This Title Is Not A Title (similarly productive reasoning follows!)
January 26th, 2007Today I was out driving in the bright sun, on a shopping errand, when something caught my interest on the radio. My perverse interest.
There was a radio preacher apparently advertising trips to the Holy Land. He wasn't just giving it a passing mention–there was more salesmanship than that. A significant portion of his airtime was being used. He even gave the mic to a middle-eastern-sounding tour guide, who said travelers would be eating fine cuisine, staying in some of the finest hotels in Israel (porters would be provided, of course), and riding in the most luxurious of tour buses.
In total luxury, they would hit all the hot spots: the cramped stable where Christ was born, the wilderness where He went without food, the hill where He died thirsty and bleeding, not to mention the location where Christ told us "blessed be ye poor," and "woe to you who are rich."
I thought it all sounded strangely medieval, maybe something to be pedaled by one of the more corrupt characters in The Canterbury Tales.
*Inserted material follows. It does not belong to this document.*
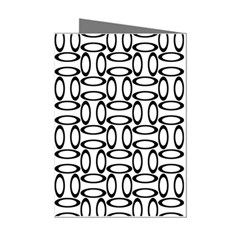 Ellipse Pattern Ellipse Dot Pattern Mini Greeting Cards (pkg Of 8) by Apen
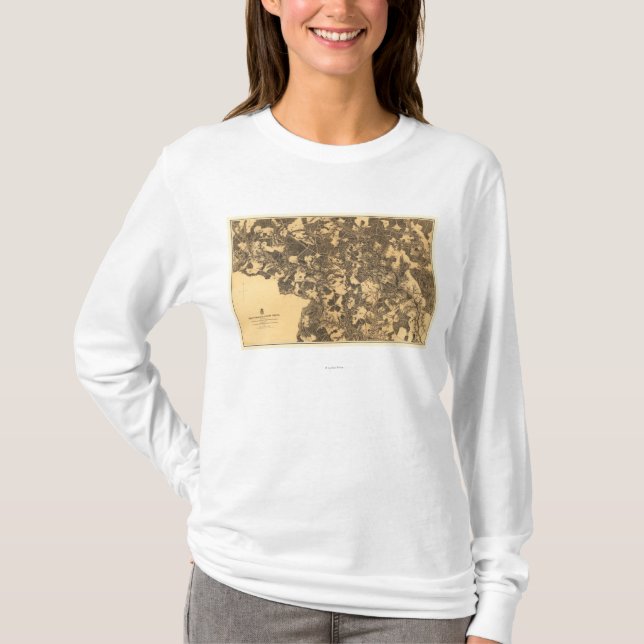 T-shirt Bataille du palais de justice 2 de Spotsylvania (Devant)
Or maybe like something from Nathaniel Hawthorne's The Celestial Railroad, in which the hard path to the Celestial City had been improved with a convenient train system.
It's the kind of thing that makes me want to sell all my stuff, including this silly laptop, and give graciously to the poor.
Because maybe then I could say someday, after much poverty and toil, not with a lot of outward arrogance, but softly to myself, "Now, Mark, you–as opposed to them–have lived an exemplary life."
I could maybe quote Robert Frost or something: "Two roads diverged in the wood, and I–I took the one less traveled by, and that has made all the difference." Yeah, all the difference, you opulent tax collectors.
Maybe, on second thought, I could just pray for the radio preacher and all those rich crusaders. Because, I believe in God, you know. At least I'm not like those heathens.
Or maybe I could just ask for mercy.